START The records
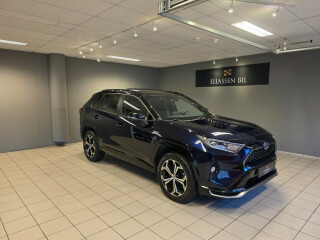 Toyota | RAV4 Plug-in Hybrid | Plug-in Petrol | 2021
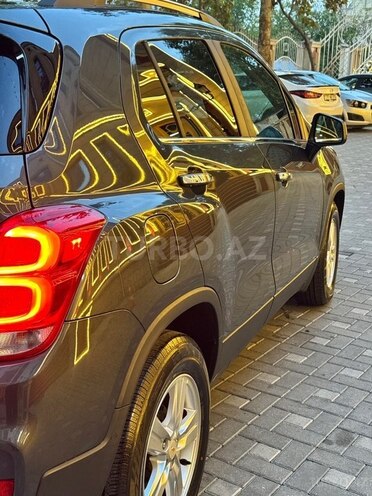 Chevrolet Trax 2018, 133,191 km - 1.4 л - Bakı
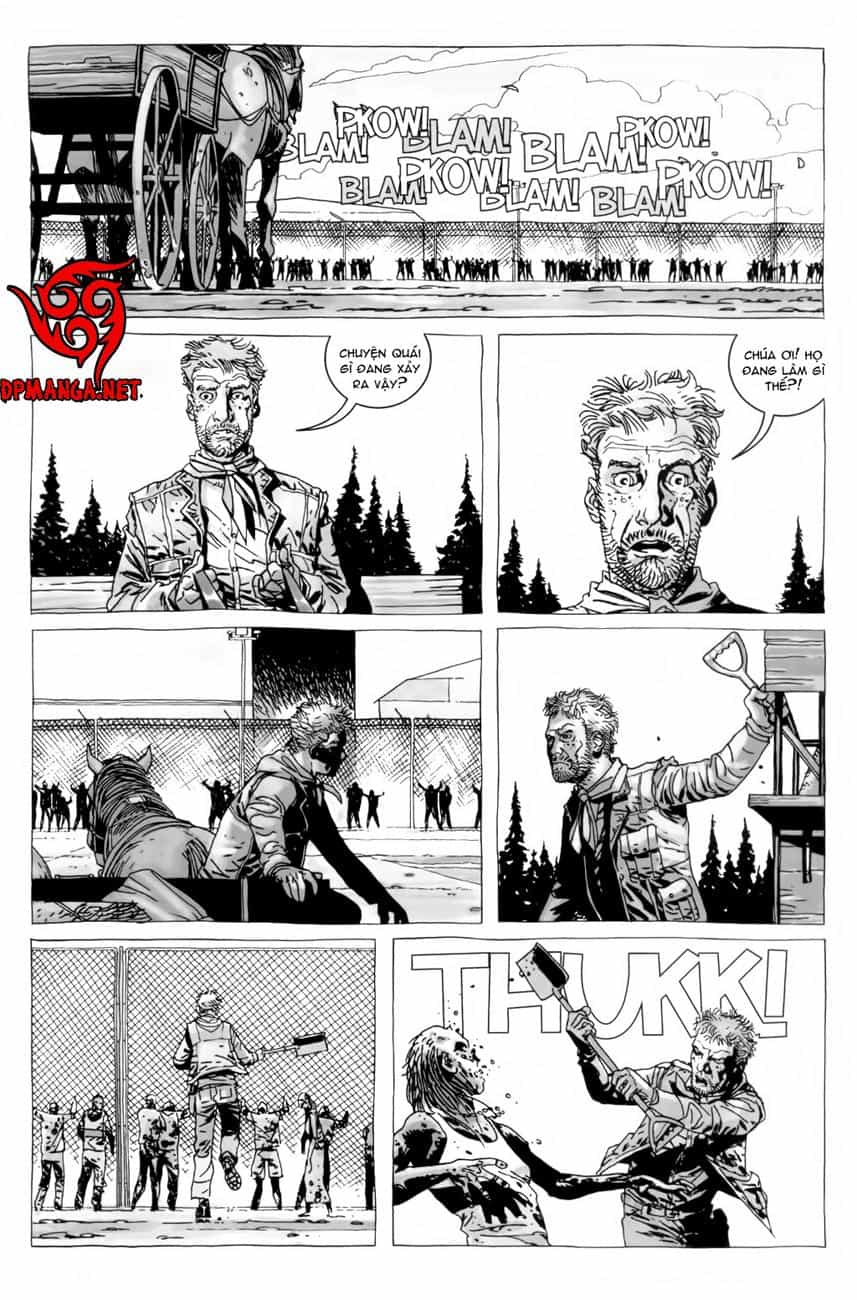 The Walking Dead - Chương 19 - ảnh 11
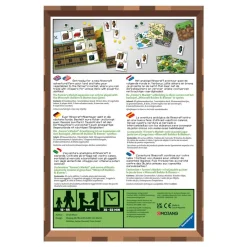 Ravensburger USA, Inc. Minecraft: Farmers Market Expansion Hot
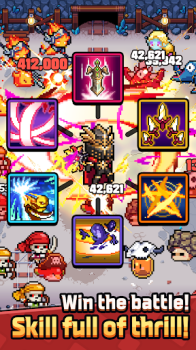 Soul Weapon Idle mod apk unlimited money and gems v1.1.8 screenshot 3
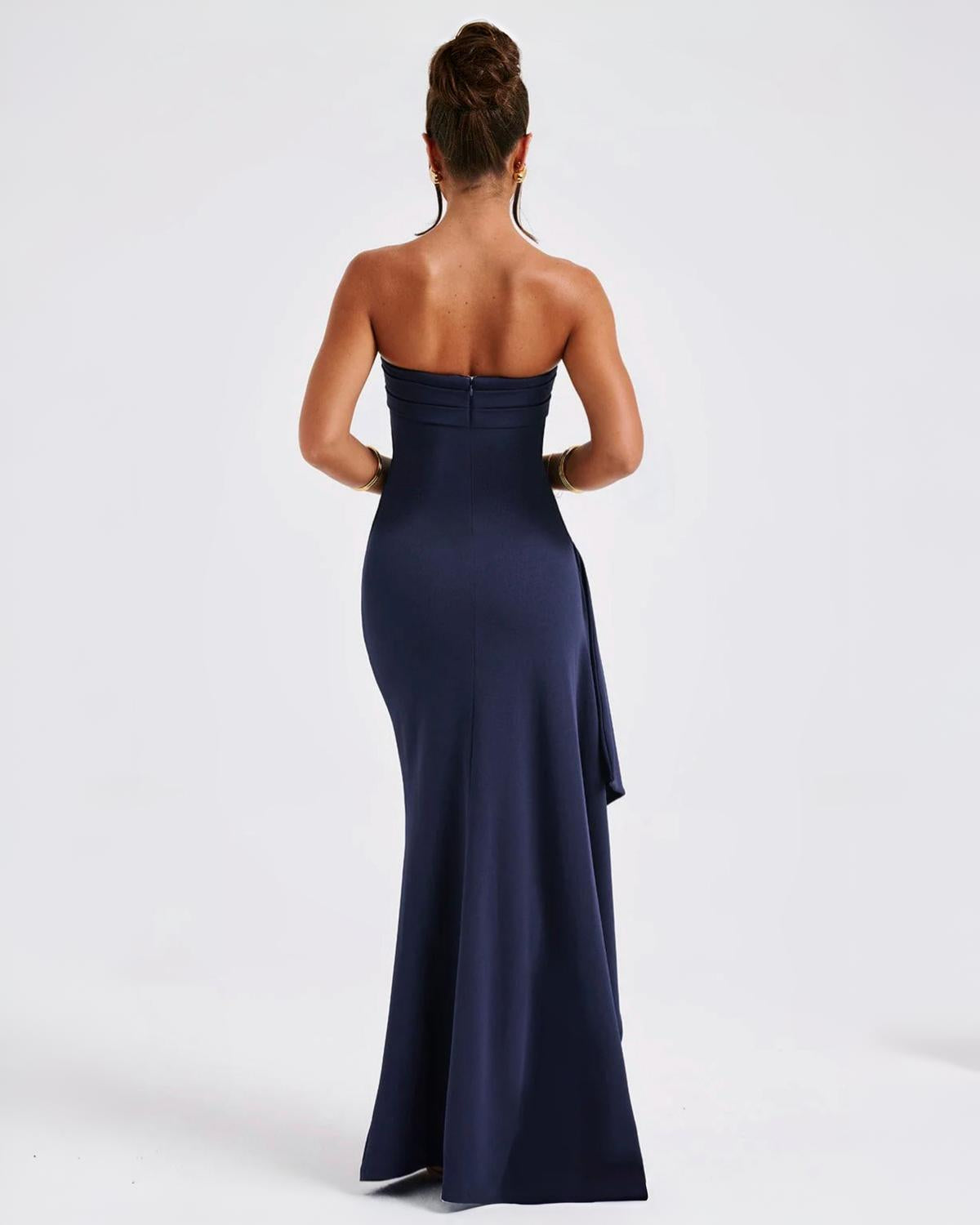 Mia – Maxi Kjole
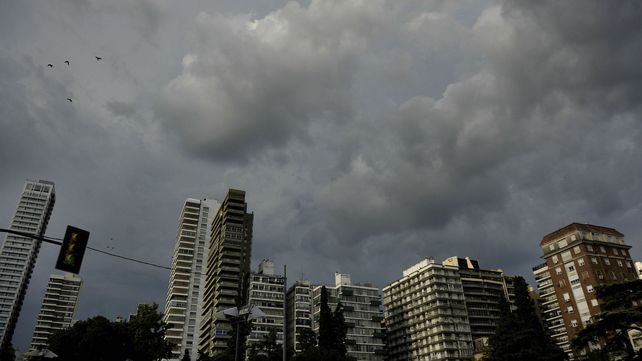 El sur y centro de la provincia de Santa Fe se encuentran bajo alerta meteorológico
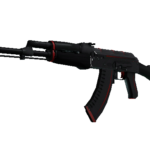 StatTrak™ AK-47 | Redline (Minimal Wear)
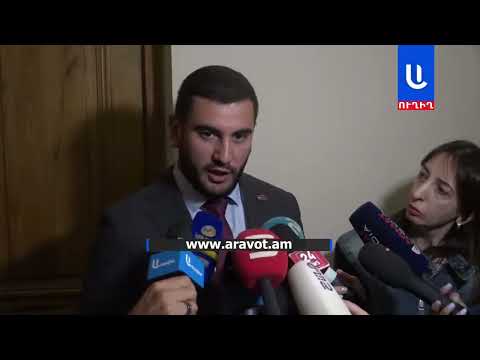 «Վոլոդյա Հակոբյանը ռեպլիկ արեց, Ղալումյանն արագ դեպի մեր շարքերը եկավ, փորձեցի նստեցնել իր տեղը»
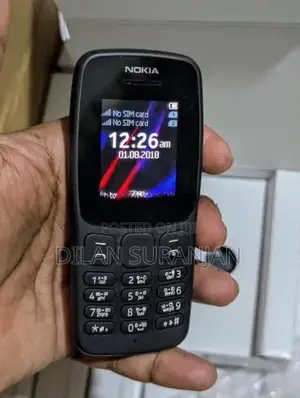 Nokia 106 (Used)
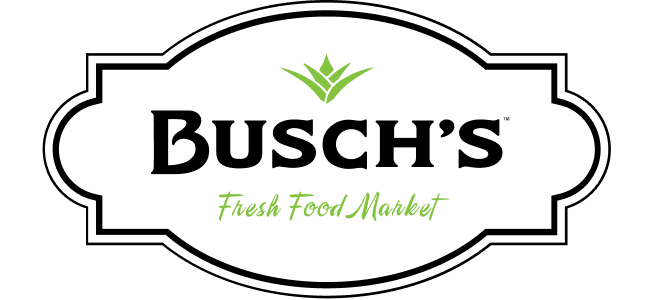 A theme logo of Busch's Fresh Foods Market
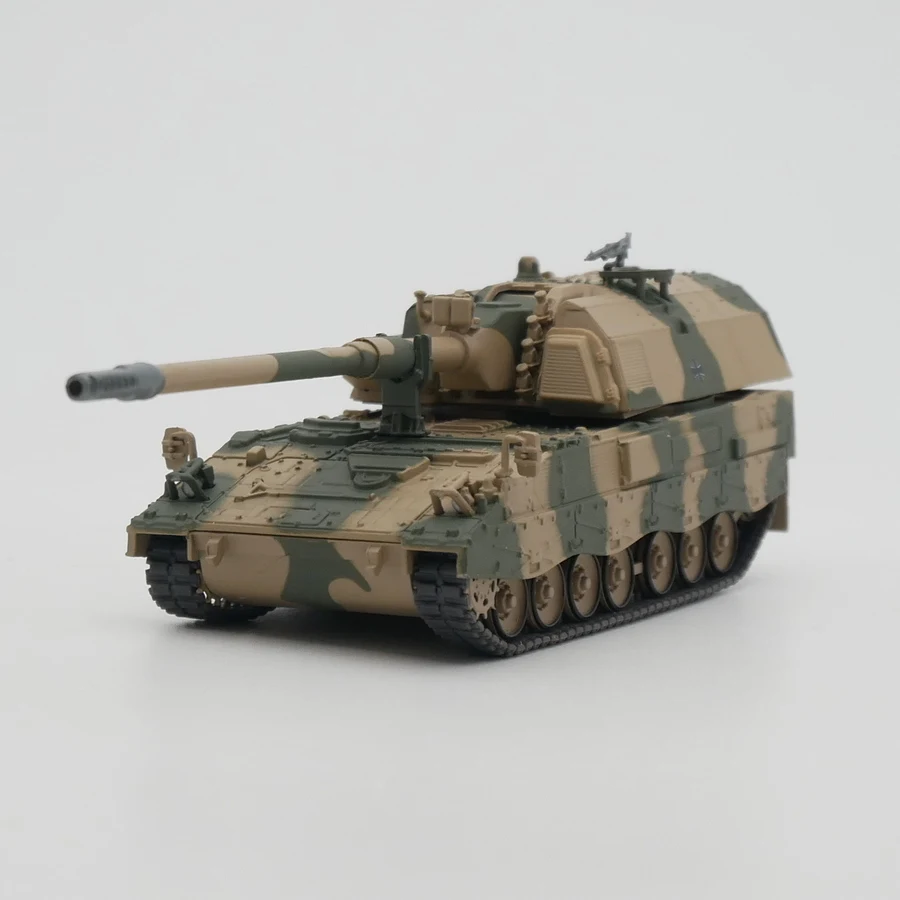 

Fabbri 1:72 Military Model German Tank Armored Vehicle panzerhaubitze 2000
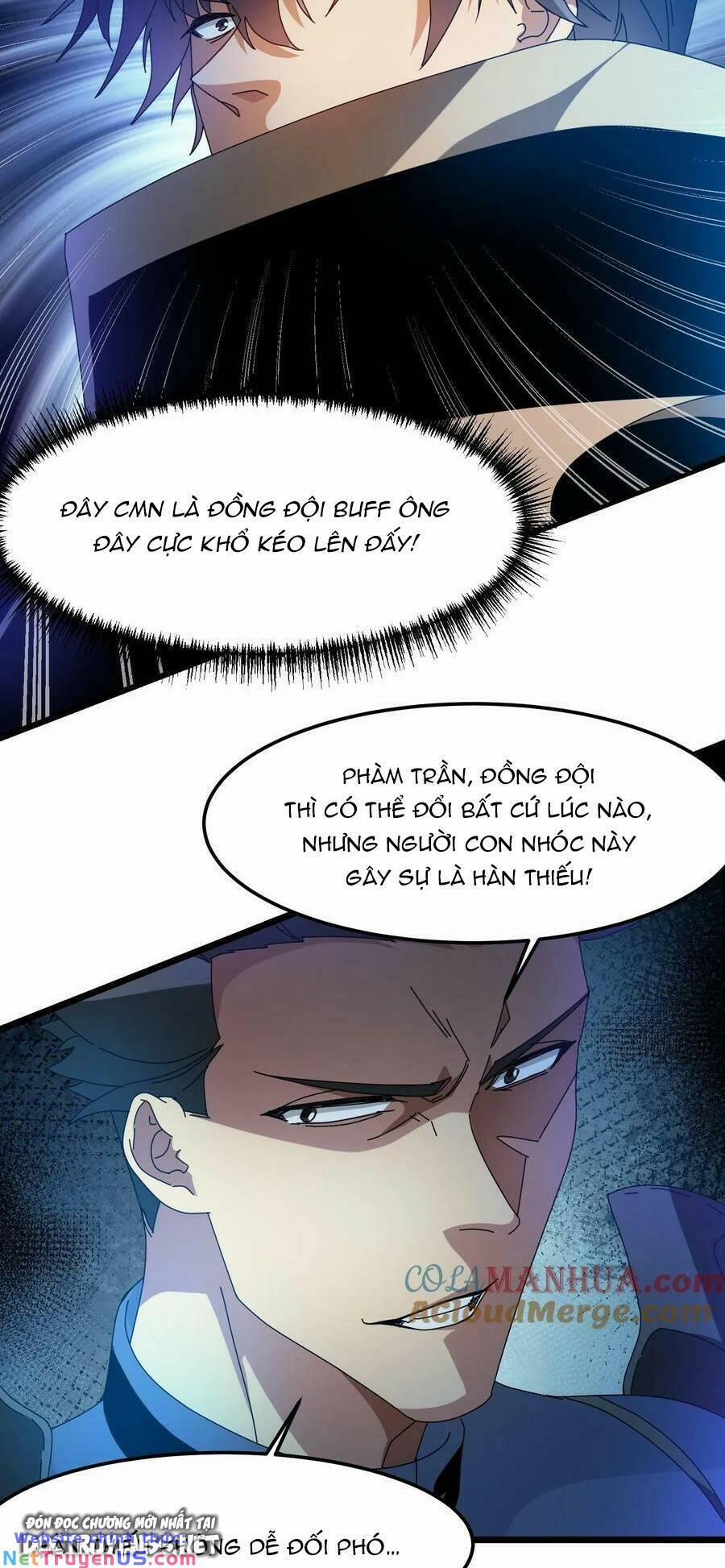 Đoạt Mạng Bằng Trị Liệu Thuật 62 trang 5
END The records
Task requirements
Please set down every record above exactly as it appears, leaving out the pictures.

Reply to the task
 Toyota | RAV4 Plug-in Hybrid | Plug-in Petrol | 2021
 Chevrolet Trax 2018, 133,191 km - 1.4 л - Bakı
 The Walking Dead - Chương 19 - ảnh 11
 Ravensburger USA, Inc. Minecraft: Farmers Market Expansion Hot
 Soul Weapon Idle mod apk unlimited money and gems v1.1.8 screenshot 3
 Mia – Maxi Kjole
 El sur y centro de la provincia de Santa Fe se encuentran bajo alerta meteorológico
 StatTrak™ AK-47 | Redline (Minimal Wear)
 «Վոլոդյա Հակոբյանը ռեպլիկ արեց, Ղալումյանն արագ դեպի մեր շարքերը եկավ, փորձեցի նստեցնել իր տեղը»
 Nokia 106 (Used)
 A theme logo of Busch's Fresh Foods Market

Fabbri 1:72 Military Model German Tank Armored Vehicle panzerhaubitze 2000
 Đoạt Mạng Bằng Trị Liệu Thuật 62 trang 5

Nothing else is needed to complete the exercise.